# Kodiak taken with a bow, tell me what you think.



## 056 kid (Jan 3, 2010)

I was fooling around on the youtube when I watched this clip, mind that I had the sound off so i didn't hear any of what was being said(probably not much), but to me, this here seems alittle over the top.

http://www.youtube.com/watch?v=pPQK8aVbZHA

The bow hunter's friend has a rifle, but no one bothers to properly kill the animal, instead they just let him slowly bleed out while trying not to drown in a pool he went into after being arrowed a multitude of times.
The title kind of tells the story that Mr. bow hunter knows that his killing skills are sub-par at best..
Do you agree with his way of killing the bear?


----------



## kentuckyblue (Jan 3, 2010)

thats a clean shot why they shot 2-3 more i dont know but that bear was going to die with just the one arrow and if you are trying to get in the pope and young record book it has to be killed with a bow,the guy with the gun can only shot if they get attacked by the bear,and you cant shot a bear with a gun in bow season


----------



## 056 kid (Jan 3, 2010)

See, I knew it would be somthing, makes alittle more sence now.

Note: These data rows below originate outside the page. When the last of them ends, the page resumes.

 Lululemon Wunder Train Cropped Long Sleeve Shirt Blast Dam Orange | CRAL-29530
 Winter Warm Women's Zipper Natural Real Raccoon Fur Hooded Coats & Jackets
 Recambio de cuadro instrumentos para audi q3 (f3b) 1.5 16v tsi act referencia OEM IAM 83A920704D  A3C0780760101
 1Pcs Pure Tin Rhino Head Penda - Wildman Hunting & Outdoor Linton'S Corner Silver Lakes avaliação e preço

I just aint a big fan of compound bows, If you feel the urge to get a record with a bow, you might as well go all out and make a bow from scratch like the indians & old old timers did...


----------



## stihl sawing (Jan 3, 2010)

Only thing i can say about it is, I ain't goin after him untill he takes the final sleep. A wounded animal is much more dangerous.


----------



## spencerhenry (Jan 4, 2010)

i am a lifelong bowhunter. never taken a bear with a bow, but i someday wish to take a brown bear. the hunter made a perfect shot on the first shot. i have a policy regardless of what kind of animal i am after, or if i am after him with a bow or a gun. that policy is to shoot put another arrow or bullet into the animal until it is DOWN. there is always the possibility that the first one didnt go exactly where you thought. i have lost more than one animal when i thought the hit was good, and he got up and ran off. it has happened with a bow, and a rifle. arrows are expensive, but i would rather throw $20 or $30 at him and make sure.


----------



## ShoerFast (Jan 4, 2010)

Good hunt! 

That's what it's all about! 

The friend is a Guide, only way there is to hunt Brown Bears. 

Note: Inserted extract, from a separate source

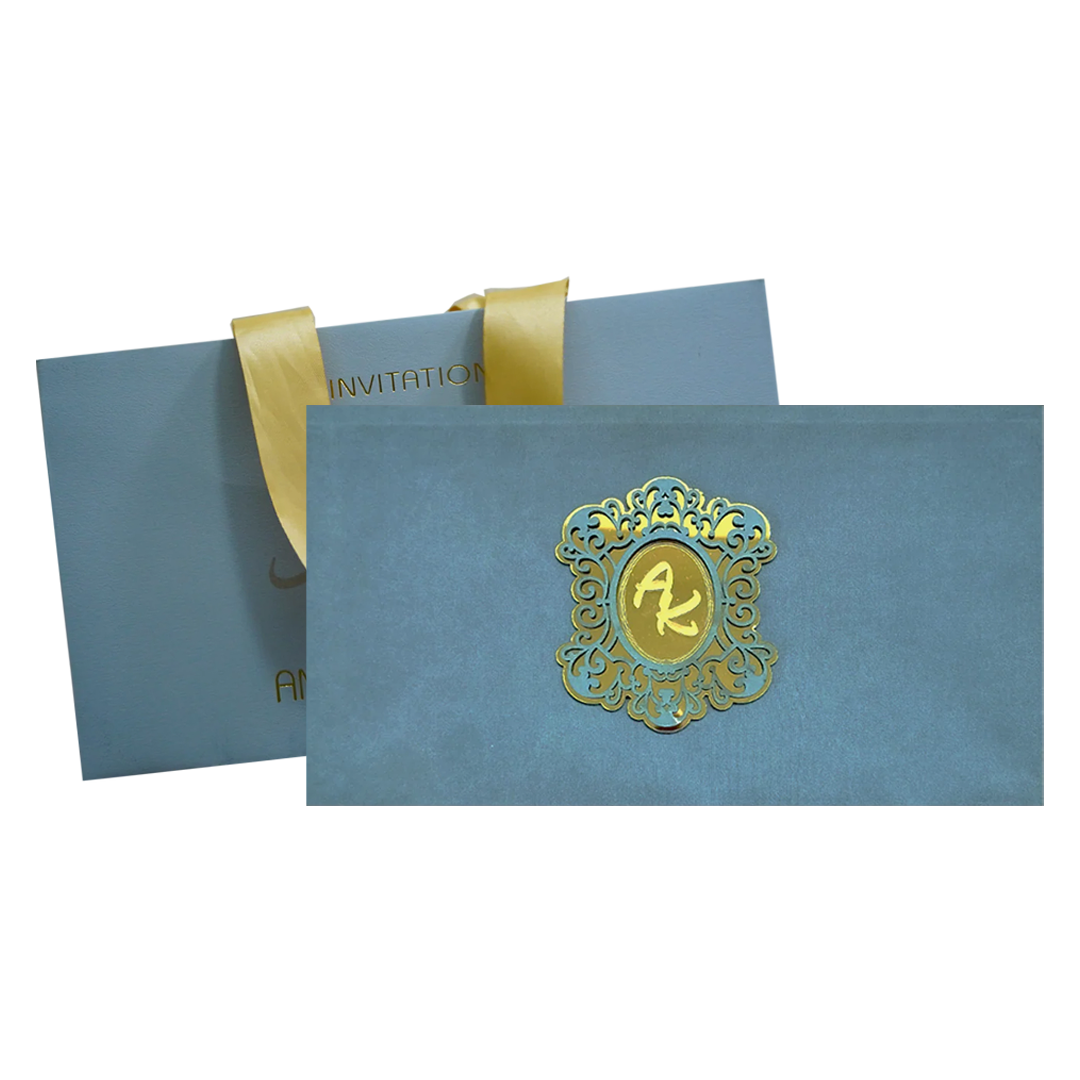 Blue Grey Fabric Sweet Box Invitation-KRC30820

Bears fat can be a problem bleeding them out, if there is another chance by all means another arrow. Archery is perhaps the most humane way a bear can die, with a real lot of risk to the hunter/guide and cameraman in this case. 

I enjoyed that clip, the hunt came together very well.


----------



## 056 kid (Jan 4, 2010)

ShoerFast said:


> Good hunt!
> 
> Archery is perhaps the most humane way a bear can die,
> QUOTE]
> ...


----------



## sbhooper (Jan 5, 2010)

There is far more painful damage done by a bullet. Often an animal hit with an arrow just walks off looking around like he can't figure out what bit him and then just tips over. When you shave, you hardly feel it when you get cut by the super-sharp blade. A sharp broadhead is no different. It is very humane and often kills more quickly than a rifle shot. A bad shot is a bad shot no matter what the animal is shot with, but a good bow shot will always do its job.


----------